START RAW DATA
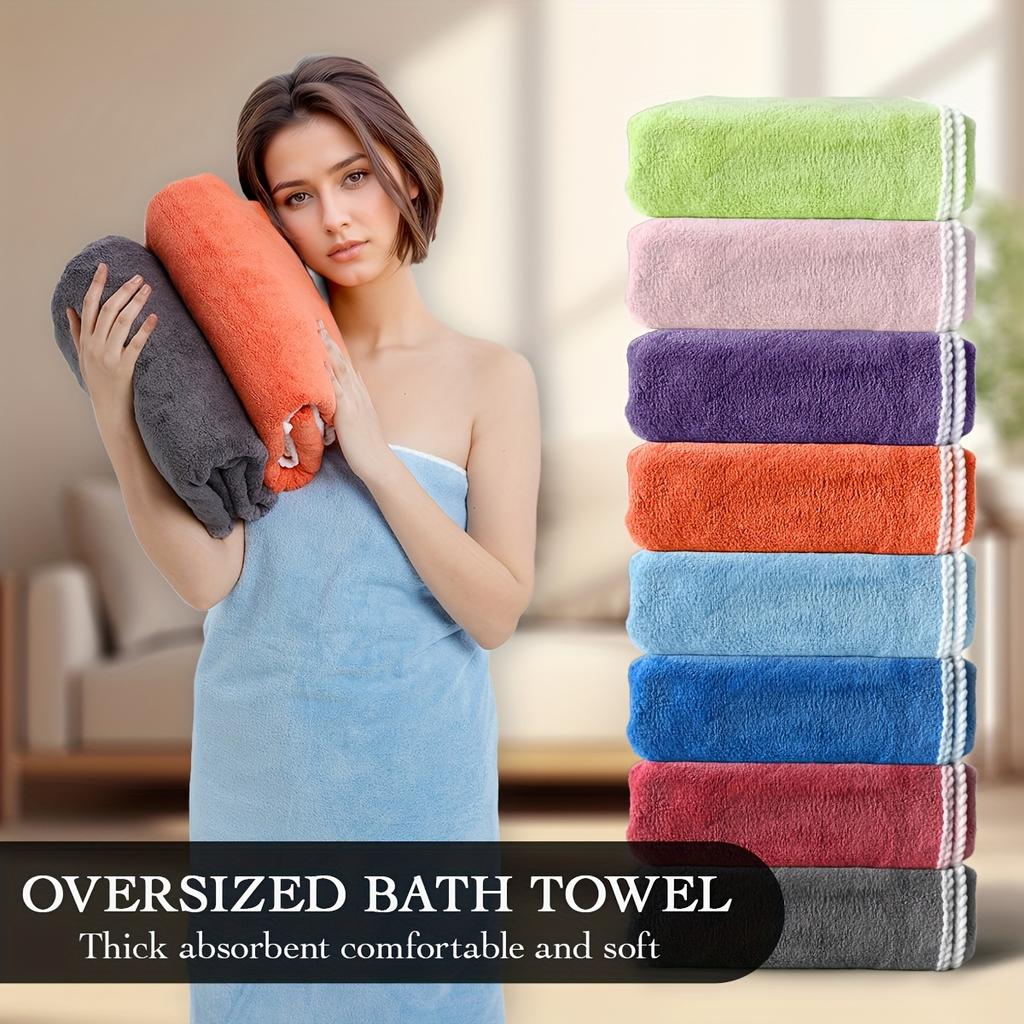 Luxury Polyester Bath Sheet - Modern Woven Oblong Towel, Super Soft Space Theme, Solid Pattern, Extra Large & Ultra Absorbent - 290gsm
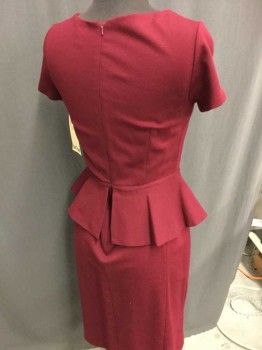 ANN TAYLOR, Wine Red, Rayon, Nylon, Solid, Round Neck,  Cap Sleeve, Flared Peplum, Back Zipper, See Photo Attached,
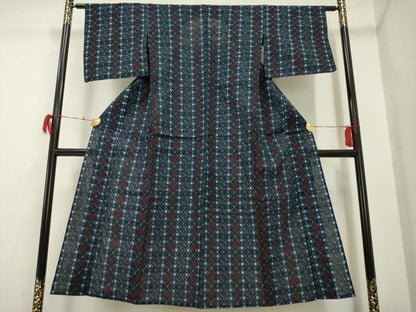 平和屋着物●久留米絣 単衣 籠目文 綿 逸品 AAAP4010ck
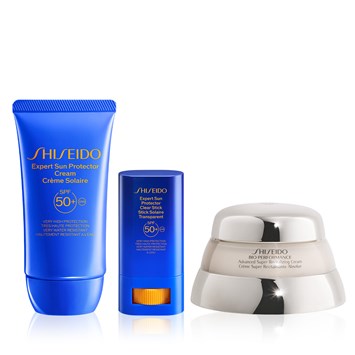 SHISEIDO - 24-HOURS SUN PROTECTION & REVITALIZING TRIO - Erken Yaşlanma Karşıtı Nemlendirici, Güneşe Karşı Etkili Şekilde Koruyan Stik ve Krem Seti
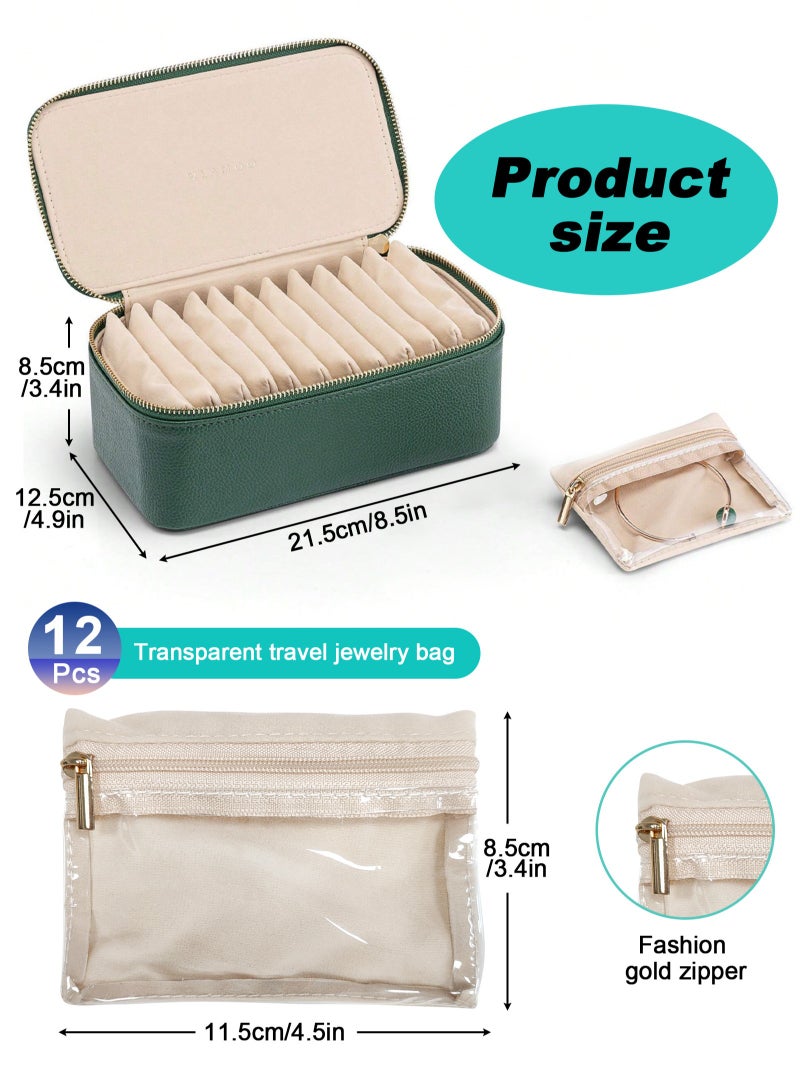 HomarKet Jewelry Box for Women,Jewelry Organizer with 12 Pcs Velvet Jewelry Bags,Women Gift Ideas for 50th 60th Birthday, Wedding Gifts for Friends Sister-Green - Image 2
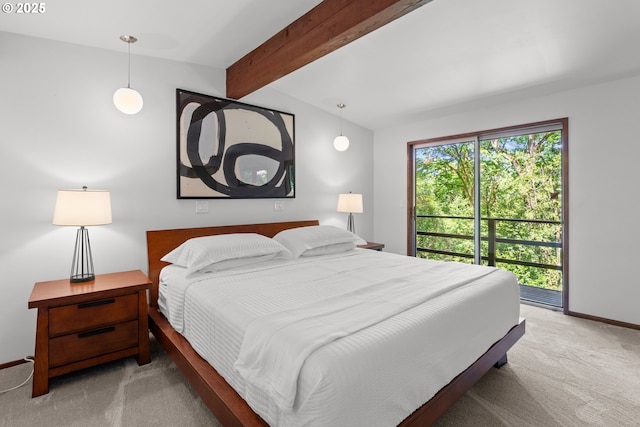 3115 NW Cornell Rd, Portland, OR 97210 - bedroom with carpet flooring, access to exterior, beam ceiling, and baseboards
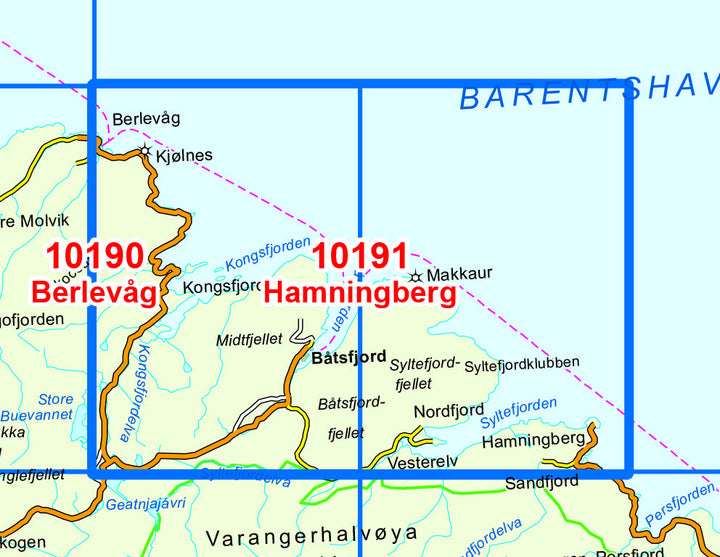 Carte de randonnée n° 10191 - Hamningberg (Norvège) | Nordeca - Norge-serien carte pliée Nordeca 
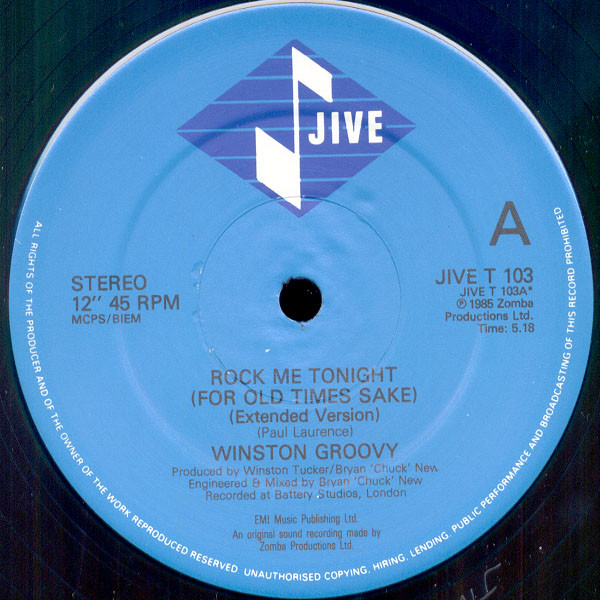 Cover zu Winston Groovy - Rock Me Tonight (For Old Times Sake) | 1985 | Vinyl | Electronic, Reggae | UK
END RAW DATA
START RAW DATA
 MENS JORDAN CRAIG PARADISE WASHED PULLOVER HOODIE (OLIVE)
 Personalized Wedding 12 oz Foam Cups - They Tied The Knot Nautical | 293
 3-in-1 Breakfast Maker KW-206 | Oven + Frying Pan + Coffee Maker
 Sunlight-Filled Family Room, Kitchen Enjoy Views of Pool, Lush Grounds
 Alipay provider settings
END RAW DATA
START RAW DATA
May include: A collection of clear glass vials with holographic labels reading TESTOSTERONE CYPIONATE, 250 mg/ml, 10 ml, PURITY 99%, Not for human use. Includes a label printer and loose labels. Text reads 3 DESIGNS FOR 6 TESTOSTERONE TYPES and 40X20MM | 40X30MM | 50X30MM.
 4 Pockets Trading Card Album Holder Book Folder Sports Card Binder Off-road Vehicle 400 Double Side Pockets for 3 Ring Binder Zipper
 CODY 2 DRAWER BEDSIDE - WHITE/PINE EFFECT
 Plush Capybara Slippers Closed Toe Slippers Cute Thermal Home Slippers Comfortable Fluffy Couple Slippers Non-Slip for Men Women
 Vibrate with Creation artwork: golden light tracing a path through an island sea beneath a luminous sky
END RAW DATA
The answer must be the lines above from the one containing "SHISEIDO - 24-HOURS" through the one containing "Cover zu Winston", reproduced exactly, with no pictures and nothing else.

#### [ANSWER FOR THE TASK]
 SHISEIDO - 24-HOURS SUN PROTECTION & REVITALIZING TRIO - Erken Yaşlanma Karşıtı Nemlendirici, Güneşe Karşı Etkili Şekilde Koruyan Stik ve Krem Seti
 HomarKet Jewelry Box for Women,Jewelry Organizer with 12 Pcs Velvet Jewelry Bags,Women Gift Ideas for 50th 60th Birthday, Wedding Gifts for Friends Sister-Green - Image 2
 3115 NW Cornell Rd, Portland, OR 97210 - bedroom with carpet flooring, access to exterior, beam ceiling, and baseboards
 Carte de randonnée n° 10191 - Hamningberg (Norvège) | Nordeca - Norge-serien carte pliée Nordeca 
 Cover zu Winston Groovy - Rock Me Tonight (For Old Times Sake) | 1985 | Vinyl | Electronic, Reggae | UK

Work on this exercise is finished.